Micenas es un lugar muy pequeño y eso te asombra cuando has leído a Homero. En los poemas homéricos todo parece grandioso, como si sus versos hubiesen sido escritos por los dioses. La Antigüedad, sin embargo, era mínima, casi raquítica y poco populosa. Viendo la pequeñez de los lugares descritos en la
Ilíada
y la
Odisea
, uno se da cuenta del valor de la palabra, de la audacia de la literatura, de cómo la fábula a punto está de hacerse realidad. El engaño crece, trepa sobre nosotros y llega a convertirse en carne. Tal vez Agamenón no era más que un cabrero armado hasta los dientes. ¿Qué importa, sin embargo?, podemos decir después de tantos siglos. La exageración es la grandeza eterna de la palabra literaria.
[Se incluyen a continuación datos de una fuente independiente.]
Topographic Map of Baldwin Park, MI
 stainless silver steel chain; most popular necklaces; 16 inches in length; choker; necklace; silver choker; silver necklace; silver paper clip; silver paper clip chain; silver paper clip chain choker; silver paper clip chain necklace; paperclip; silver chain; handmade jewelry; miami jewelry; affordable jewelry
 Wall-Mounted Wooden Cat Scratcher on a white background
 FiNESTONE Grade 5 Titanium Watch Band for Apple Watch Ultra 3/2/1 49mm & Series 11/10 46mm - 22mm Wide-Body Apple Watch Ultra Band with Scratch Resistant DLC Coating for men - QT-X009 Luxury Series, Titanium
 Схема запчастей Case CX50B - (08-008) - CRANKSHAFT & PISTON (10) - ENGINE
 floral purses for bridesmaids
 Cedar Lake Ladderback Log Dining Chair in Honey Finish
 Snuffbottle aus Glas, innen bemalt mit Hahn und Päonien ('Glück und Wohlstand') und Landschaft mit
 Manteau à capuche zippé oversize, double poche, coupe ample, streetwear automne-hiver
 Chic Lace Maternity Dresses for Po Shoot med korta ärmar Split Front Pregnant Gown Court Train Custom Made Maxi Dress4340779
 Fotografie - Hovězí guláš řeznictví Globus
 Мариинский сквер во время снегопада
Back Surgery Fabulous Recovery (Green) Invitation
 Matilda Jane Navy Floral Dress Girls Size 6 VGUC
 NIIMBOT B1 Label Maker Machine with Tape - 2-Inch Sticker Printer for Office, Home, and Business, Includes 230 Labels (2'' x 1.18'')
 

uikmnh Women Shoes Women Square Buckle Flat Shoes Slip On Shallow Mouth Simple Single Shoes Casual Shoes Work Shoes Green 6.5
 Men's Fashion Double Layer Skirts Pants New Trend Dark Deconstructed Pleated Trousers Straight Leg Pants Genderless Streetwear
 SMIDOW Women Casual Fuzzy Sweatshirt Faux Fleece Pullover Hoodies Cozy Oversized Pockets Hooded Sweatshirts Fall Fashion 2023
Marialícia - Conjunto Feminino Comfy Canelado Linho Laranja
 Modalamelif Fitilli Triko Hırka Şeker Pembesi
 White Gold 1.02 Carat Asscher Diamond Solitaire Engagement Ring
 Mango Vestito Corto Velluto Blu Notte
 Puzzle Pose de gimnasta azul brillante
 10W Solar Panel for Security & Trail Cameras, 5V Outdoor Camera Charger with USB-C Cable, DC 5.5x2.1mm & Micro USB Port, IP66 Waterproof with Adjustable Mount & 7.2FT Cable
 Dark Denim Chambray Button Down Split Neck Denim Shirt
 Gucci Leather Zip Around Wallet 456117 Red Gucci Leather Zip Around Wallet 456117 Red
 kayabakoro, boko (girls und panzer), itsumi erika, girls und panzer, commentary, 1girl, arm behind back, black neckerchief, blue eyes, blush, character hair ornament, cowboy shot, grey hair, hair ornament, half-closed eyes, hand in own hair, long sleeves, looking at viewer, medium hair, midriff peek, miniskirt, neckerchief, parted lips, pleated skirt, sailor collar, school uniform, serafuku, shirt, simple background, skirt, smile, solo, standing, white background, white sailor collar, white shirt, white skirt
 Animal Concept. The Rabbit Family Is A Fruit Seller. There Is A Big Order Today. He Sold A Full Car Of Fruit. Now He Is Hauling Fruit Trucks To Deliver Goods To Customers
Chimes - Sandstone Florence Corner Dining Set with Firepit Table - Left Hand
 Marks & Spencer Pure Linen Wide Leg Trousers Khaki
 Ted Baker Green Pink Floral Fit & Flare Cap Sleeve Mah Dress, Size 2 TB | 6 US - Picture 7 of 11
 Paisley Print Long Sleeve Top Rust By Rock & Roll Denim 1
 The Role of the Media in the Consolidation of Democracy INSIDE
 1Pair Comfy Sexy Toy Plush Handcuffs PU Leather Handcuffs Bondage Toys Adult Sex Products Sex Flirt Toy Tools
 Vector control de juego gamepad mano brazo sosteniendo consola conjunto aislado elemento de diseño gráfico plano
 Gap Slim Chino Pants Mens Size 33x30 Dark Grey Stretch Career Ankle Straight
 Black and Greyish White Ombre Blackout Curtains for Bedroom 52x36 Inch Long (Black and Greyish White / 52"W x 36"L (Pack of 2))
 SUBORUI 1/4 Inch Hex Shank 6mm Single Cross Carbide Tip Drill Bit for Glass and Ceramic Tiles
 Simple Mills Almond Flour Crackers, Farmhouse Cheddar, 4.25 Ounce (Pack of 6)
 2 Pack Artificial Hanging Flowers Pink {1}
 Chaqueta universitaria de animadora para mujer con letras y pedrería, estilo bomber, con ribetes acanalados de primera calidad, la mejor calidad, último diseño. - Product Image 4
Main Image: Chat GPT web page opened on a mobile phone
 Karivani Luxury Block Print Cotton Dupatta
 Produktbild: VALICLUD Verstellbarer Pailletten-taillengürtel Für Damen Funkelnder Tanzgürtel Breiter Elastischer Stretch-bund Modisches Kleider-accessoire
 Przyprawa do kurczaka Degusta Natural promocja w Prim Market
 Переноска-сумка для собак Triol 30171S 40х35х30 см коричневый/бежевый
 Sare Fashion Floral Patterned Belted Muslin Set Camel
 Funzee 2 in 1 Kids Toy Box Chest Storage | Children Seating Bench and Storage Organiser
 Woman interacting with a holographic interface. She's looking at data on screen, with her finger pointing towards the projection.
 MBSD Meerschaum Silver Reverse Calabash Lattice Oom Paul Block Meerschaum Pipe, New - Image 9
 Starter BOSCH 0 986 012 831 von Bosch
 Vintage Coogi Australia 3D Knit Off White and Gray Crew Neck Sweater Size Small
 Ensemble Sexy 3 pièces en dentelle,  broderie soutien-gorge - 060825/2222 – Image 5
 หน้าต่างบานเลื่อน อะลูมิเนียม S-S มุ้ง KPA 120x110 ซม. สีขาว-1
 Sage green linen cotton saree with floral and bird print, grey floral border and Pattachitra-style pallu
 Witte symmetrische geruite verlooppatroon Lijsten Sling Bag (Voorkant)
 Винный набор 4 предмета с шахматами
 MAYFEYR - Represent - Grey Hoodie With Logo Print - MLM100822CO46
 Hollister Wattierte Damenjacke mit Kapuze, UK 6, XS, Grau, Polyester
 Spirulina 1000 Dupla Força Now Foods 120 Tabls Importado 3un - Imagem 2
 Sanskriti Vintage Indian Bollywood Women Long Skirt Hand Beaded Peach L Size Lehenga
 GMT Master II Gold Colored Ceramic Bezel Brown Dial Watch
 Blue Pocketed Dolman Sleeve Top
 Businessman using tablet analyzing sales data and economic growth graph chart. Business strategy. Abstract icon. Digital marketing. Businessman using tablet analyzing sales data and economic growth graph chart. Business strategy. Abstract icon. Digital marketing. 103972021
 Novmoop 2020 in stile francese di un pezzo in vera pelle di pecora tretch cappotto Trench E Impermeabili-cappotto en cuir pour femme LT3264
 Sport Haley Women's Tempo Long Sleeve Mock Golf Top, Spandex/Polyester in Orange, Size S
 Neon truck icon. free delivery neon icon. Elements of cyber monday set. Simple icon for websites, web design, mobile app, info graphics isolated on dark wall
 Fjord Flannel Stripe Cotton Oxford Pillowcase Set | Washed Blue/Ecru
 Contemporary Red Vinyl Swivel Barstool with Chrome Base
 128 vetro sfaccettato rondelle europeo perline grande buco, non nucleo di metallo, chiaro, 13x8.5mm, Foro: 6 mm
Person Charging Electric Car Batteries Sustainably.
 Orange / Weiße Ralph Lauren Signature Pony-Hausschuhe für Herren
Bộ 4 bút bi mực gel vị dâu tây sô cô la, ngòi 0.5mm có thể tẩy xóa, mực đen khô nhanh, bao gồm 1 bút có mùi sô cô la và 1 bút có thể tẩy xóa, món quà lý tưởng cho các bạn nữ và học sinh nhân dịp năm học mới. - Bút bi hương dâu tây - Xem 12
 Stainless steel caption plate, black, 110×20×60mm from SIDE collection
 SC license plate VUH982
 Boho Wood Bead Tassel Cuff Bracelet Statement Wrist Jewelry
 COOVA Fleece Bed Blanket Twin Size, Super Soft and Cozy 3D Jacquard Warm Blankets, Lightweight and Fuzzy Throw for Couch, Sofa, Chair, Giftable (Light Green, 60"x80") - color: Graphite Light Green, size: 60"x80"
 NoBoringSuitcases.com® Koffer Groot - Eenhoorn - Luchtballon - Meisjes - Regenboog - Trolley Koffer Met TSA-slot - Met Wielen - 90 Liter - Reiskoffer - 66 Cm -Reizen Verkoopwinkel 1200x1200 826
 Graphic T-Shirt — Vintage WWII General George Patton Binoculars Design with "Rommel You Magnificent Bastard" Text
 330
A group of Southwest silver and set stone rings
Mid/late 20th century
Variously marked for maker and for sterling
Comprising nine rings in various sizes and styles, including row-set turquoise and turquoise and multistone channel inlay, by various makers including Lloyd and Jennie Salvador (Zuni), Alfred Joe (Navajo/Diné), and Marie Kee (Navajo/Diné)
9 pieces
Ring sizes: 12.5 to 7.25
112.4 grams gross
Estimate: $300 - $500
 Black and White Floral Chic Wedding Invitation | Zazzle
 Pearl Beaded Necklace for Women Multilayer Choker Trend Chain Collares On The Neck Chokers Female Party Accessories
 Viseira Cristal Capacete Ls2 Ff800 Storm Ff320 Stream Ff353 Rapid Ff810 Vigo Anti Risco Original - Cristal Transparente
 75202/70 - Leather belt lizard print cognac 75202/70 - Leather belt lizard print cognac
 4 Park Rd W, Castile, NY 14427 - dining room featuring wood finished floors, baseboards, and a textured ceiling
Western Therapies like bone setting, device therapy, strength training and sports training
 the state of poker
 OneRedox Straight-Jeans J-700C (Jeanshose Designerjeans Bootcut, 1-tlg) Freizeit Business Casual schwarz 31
Un buen número de estudiosos afirman que Homero nunca existió, que quizá no fue un hombre singular, sino tan sólo un espejismo o una creación de los bibliotecarios de Alejandría. Es un pensamiento que produce vértigo.

Durante siglos, las dudas sobre la existencia del vate han sido constantes. Algunos estudiosos insisten en señalar que no hubo un Homero, sino varios, y que, tras el nombre del supuesto autor, se escondía un colectivo de poetas-recopiladores de la literatura oral anterior a la escritura. Jaeger, por ejemplo, no cree en la existencia del poeta, y otros afirman que la
Ilíada
es un poema mucho más antiguo que la
Odisea
. Pero las investigaciones de los últimos años tienden a afirmar la realidad de Homero. «La magnífica estructura de estos dos grandes poemas», se lee en la
Historia de la Literatura,
de la Universidad de Cambridge, «es casi seguro, en cada caso, creación de un solo poeta, oral o por escrito».

Estructura y también tradición, pues a lo largo de la historia de la civilización griega pocos pusieron en cuestión la existencia del poeta que había educado a toda Grecia con sus cantos, en palabras de Platón, y que había también llevado al primer y más alto rango la palabra escrita, convirtiendo en literatura lo que, hasta él, era tan sólo tradición oral. Si es cierto que, antes de Homero, hubo en Grecia poetas y público, es sólo a partir de Homero que comienza a haber libros y lectores. Y si la arqueología ha probado que muchos de los personajes y las acciones que relatan los poemas homéricos tienen una base real, ¿por qué dudar de la existencia de su autor?

Se cree que el alfabeto griego, y con él la escritura, nació y se desarrolló en Grecia en la segunda mitad del siglo VIII a.C, en el tiempo que fueron escritos los poemas épicos de Homero. Los griegos no inventaron el alfabeto, sino que lo importaron de los fenicios, lo mismo que les copiaron las quillas para sus naves, la popa redonda para los barcos mercantes que llamaron «corceles del mar», la combinación entre el remo y la vela y la navegación usando de la guía de las estrellas. Aquel ingenio de los griegos primitivos para la asimilación sólo era superado por su talento para transformar y mejorar lo que imitaban. Y al alfabeto fenicio importado de Siria, de origen lingüístico semita, los griegos le incorporaron las vocales, lo que supuso el salto definitivo en la técnica de la escritura. Las leyendas afirman que fue el rey Cadmo quien llevó este tesoro a la ciudad de Tebas, en Beocia. Pero fuese como fuese, nació la lengua escrita. «No puede dudarse», escribe Francisco R. Adrados en su
Historia de la lengua griega
, «de que, si ha de juzgarse por el influjo que ha ejercido en todas las lenguas europeas y, hoy ya, en todas las lenguas, el griego es la primera lengua del mundo».